The limit of a function exists if and only if the left-hand limit is equal to the right-hand limit.

A left-hand limit means the limit of a function as it approaches from the left-hand side.

\[\mathop {\lim }\limits_{x \to {a^ - }} f\left( x \right) = {l_1}\]

A right-hand limit means the limit of a function as it approaches from the right-hand side.

\[\mathop {\lim }\limits_{x \to {a^ + }} f\left( x \right) = {l_2}\]

Consider the given limit function,

\[ \Rightarrow \,\,\,\mathop {\lim }\limits_{x \to 0} \dfrac{{\sqrt {1 - \cos x} }}{x}\]------(1)

By using a double of half angle formula: \[\cos 2x = 1 - 2{\sin ^2}x \Rightarrow 1 - \cos x = 2{\sin ^2}\dfrac{x}{2}\], then

As we know, \[\sqrt {1 - \cos x} = \left\{ {\begin{array}{*{20}{c}}

{ - \sqrt 2 \sin \dfrac{x}{2},\,\,\,\,\,\,\,x < 0} \\

{\,\,\sqrt 2 \sin \dfrac{x}{2},\,\,\,\,\,\,\,x \geqslant 0}

\end{array}} \right.\]

Now, find the left-hand limit to the function (1)
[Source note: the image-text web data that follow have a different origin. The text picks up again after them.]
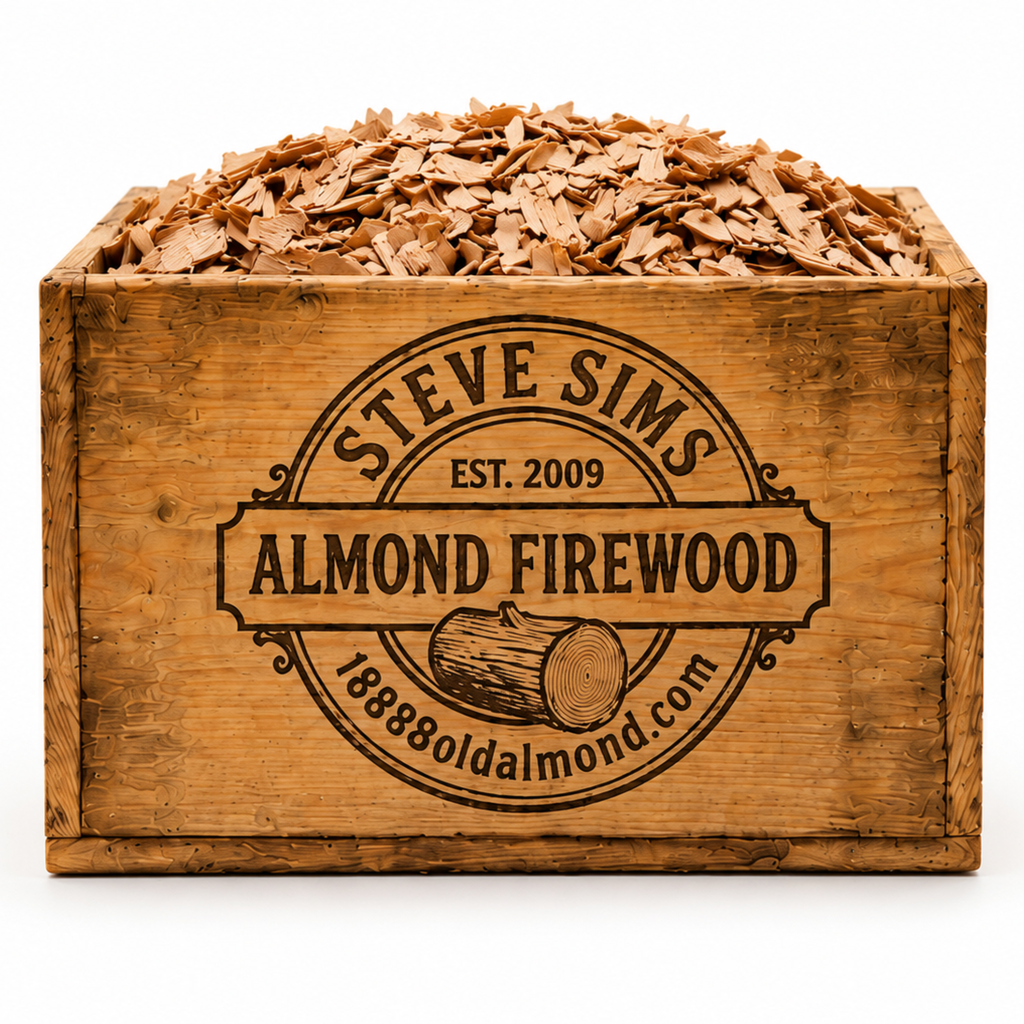 Wooden crate of almond firewood with 'Steve Sims Almond Firewood' branding on a white background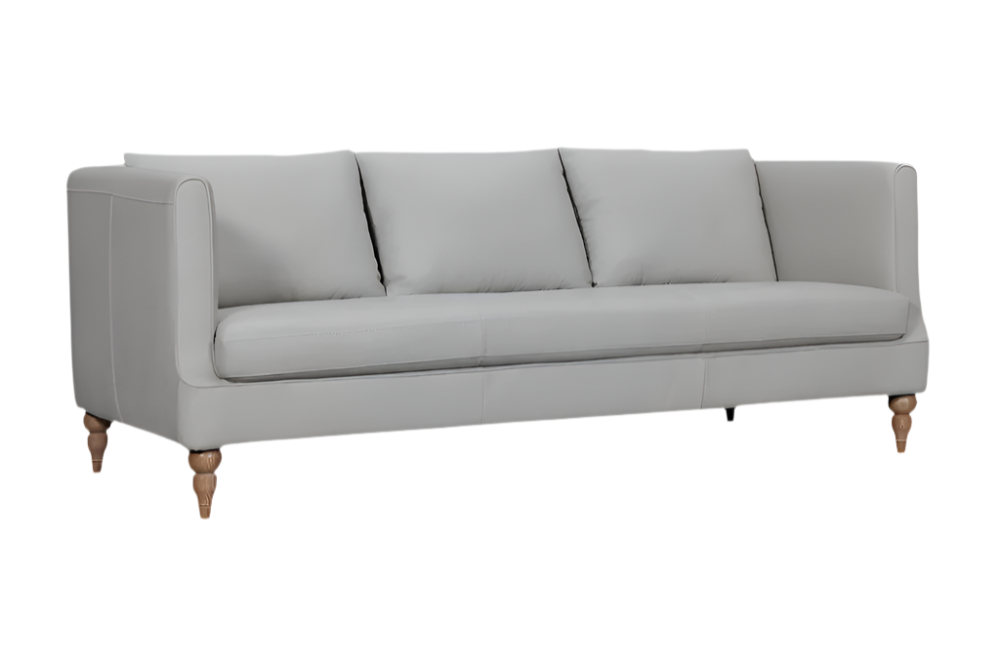 Alessio 85″ Gray Leather Sofa with Tuxedo Arms & Brown Legs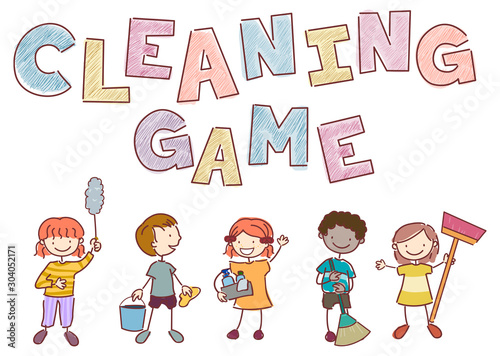 Stickman Kids Cleaning Game...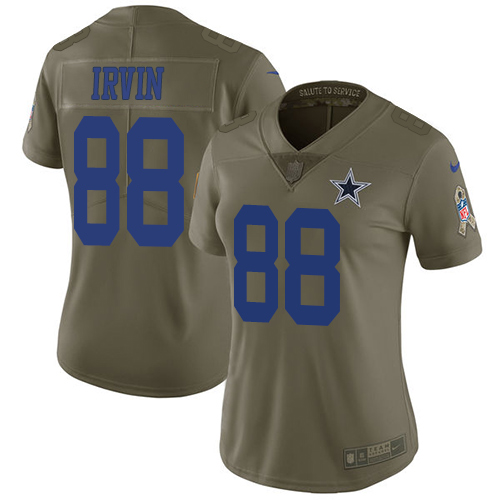 Nike Cowboys #88 Michael Irvin Olive Women's Stitched NFL Limited 2017 Salute to Service Jersey - Click Image to Close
\[ \Rightarrow \,\,\,\mathop {\lim }\limits_{x \to {0^ - }} f\left( x \right) = \mathop {\lim }\limits_{x \to {0^ - }} \dfrac{{\sqrt {1 - \cos x} }}{x}\]

\[ \Rightarrow \,\,\,\mathop {\lim }\limits_{x \to {0^ - }} f\left( x \right) = \mathop {\lim }\limits_{x \to {0^ - }} - \dfrac{{\sqrt 2 \sin \dfrac{x}{2}}}{x}\]

By applying a properties of limit function, we have

\[ \Rightarrow \,\,\,\mathop {\lim }\limits_{x \to {0^ - }} f\left( x \right) = - \sqrt 2 \mathop {\lim }\limits_{x \to {0^ - }} \dfrac{{\sin \dfrac{x}{2}}}{x}\]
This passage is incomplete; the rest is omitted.